第424章 叫不醒一個裝睡的人
聞璐深吸了一口氣,緩緩吐出。
好不容易才從紛亂的思緒裏抽離出來,她問,“如果真的按照你的推論的話,那次車禍沒讓戴薇死,厲遠知為什麽又放過了她?”
段桑說,“你忘了,戴薇有兩個孩子,女兒在厲遠知那兒。”
聞璐的神色又是一滞。
說到孩子,那所有的問題幾乎就都有了答案。
一個女人再愛一個男人,二十多年的時光,不管有多偏執,那也不會再有當年那份熱血,不要命的沖勁,但如果是為了孩子的話,作為母親的确什麽都做的出來。
所以戴薇那個偏執的性格才會離開自己從小生活的西港,帶着兒子獨居到D國去,異國他鄉,幾乎不出門,每年只有那麽一兩天的時間去西港見女兒。
一頓飯吃的心緒不寧。
段桑建議道,“我知道你想把這些資料給你婆婆看,但我覺得你還是再等等比較好,她現在未必聽得進去你說的話,說不定還會拿着這些去找厲遠知對峙,到時候打草驚蛇,我查什麽恐怕都不容易。”

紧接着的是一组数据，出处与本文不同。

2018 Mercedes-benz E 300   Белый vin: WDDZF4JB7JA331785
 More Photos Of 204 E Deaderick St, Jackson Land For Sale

“可滕海控股這周六就要和信德集團簽署并購協議了,照着你的說法,我覺得厲遠知這個人完全不可信。”
“這樣……我有個朋友是做黑客的,我讓他用一個虛拟地址發送一份郵件到你婆婆的郵箱,把這些事情都告訴她,至于聽不聽就是她的事情了。”
“這樣能行麽?”
“璐姐,你叫不醒一個裝睡的人。”
段桑的話讓聞璐産生了一種深深的無力感。
她和厲風行結婚以來,經濟方面都是各自獨立,當年離過一次婚後,更是把財産分割的十分清晰,連嘉騰的股份都轉讓出去了,所以她現在對于嘉騰董事會的任何決議都沒有發言權。
別說是她了,就是厲風行本人也從未忤逆過簡華年的決定。
“只能盡人事,聽天命了。”
和段桑吃完飯,倆人在餐廳分開,聞璐直接叫了車回太平山別墅。
回去的路上,她一直在想厲遠知的事情,車開了一半了,才突然想起自己原本還要問段桑別的事情來着,也忘了。
厲遠知的事情是個重磅炸彈,她覺得要是簡華年知道這些的話,再怎麽顧念舊情也不該執迷不悟下去了。
傍晚回到太平山別墅。
陸昭昭一個人在家裏,聞璐到家的時候,她坐在客廳的地毯上插花。
來開門的是個陌生面孔的女人,早上走的時候,聞璐還沒見過,穿着灰色的工作服,一見到聞璐就打了招呼,“是聞小姐吧,您好。”
“你好,”聞璐錯愕的打量着她,“你是?”
“她是二叔讓安捷新招來的保姆,叫她紅姐就行,”客廳裏傳來陸昭昭的聲音,茶幾上和地毯上擺了一堆花束,她正在鼓搗插花,朝着聞璐招手,“璐璐,過來坐。”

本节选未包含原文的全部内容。